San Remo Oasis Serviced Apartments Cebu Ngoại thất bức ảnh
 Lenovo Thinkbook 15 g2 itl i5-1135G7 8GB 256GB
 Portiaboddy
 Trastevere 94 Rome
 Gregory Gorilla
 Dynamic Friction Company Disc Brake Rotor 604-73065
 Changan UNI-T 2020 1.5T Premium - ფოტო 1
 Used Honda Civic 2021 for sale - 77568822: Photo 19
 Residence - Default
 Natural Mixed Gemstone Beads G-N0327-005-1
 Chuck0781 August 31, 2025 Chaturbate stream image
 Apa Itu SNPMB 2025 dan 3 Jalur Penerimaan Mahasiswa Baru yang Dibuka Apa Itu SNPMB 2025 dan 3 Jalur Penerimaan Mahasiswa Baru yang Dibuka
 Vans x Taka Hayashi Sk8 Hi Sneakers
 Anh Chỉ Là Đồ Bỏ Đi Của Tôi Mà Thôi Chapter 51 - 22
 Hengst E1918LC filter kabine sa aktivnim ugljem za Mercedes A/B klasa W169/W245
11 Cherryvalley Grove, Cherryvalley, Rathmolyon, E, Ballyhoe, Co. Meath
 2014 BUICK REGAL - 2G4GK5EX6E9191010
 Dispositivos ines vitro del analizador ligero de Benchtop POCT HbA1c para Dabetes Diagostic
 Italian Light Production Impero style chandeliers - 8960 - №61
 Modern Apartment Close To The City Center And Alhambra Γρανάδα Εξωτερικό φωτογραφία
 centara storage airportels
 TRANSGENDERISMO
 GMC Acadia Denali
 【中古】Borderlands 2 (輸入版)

Your objective
The response should consist of the entries, retyped exactly and in full.

Finished exercise
San Remo Oasis Serviced Apartments Cebu Ngoại thất bức ảnh
 Lenovo Thinkbook 15 g2 itl i5-1135G7 8GB 256GB
 Portiaboddy
 Trastevere 94 Rome
 Gregory Gorilla
 Dynamic Friction Company Disc Brake Rotor 604-73065
 Changan UNI-T 2020 1.5T Premium - ფოტო 1
 Used Honda Civic 2021 for sale - 77568822: Photo 19
 Residence - Default
 Natural Mixed Gemstone Beads G-N0327-005-1
 Chuck0781 August 31, 2025 Chaturbate stream image
 Apa Itu SNPMB 2025 dan 3 Jalur Penerimaan Mahasiswa Baru yang Dibuka Apa Itu SNPMB 2025 dan 3 Jalur Penerimaan Mahasiswa Baru yang Dibuka
 Vans x Taka Hayashi Sk8 Hi Sneakers
 Anh Chỉ Là Đồ Bỏ Đi Của Tôi Mà Thôi Chapter 51 - 22
 Hengst E1918LC filter kabine sa aktivnim ugljem za Mercedes A/B klasa W169/W245
11 Cherryvalley Grove, Cherryvalley, Rathmolyon, E, Ballyhoe, Co. Meath
 2014 BUICK REGAL - 2G4GK5EX6E9191010
 Dispositivos ines vitro del analizador ligero de Benchtop POCT HbA1c para Dabetes Diagostic
 Italian Light Production Impero style chandeliers - 8960 - №61
 Modern Apartment Close To The City Center And Alhambra Γρανάδα Εξωτερικό φωτογραφία
 centara storage airportels
 TRANSGENDERISMO
 GMC Acadia Denali
 【中古】Borderlands 2 (輸入版)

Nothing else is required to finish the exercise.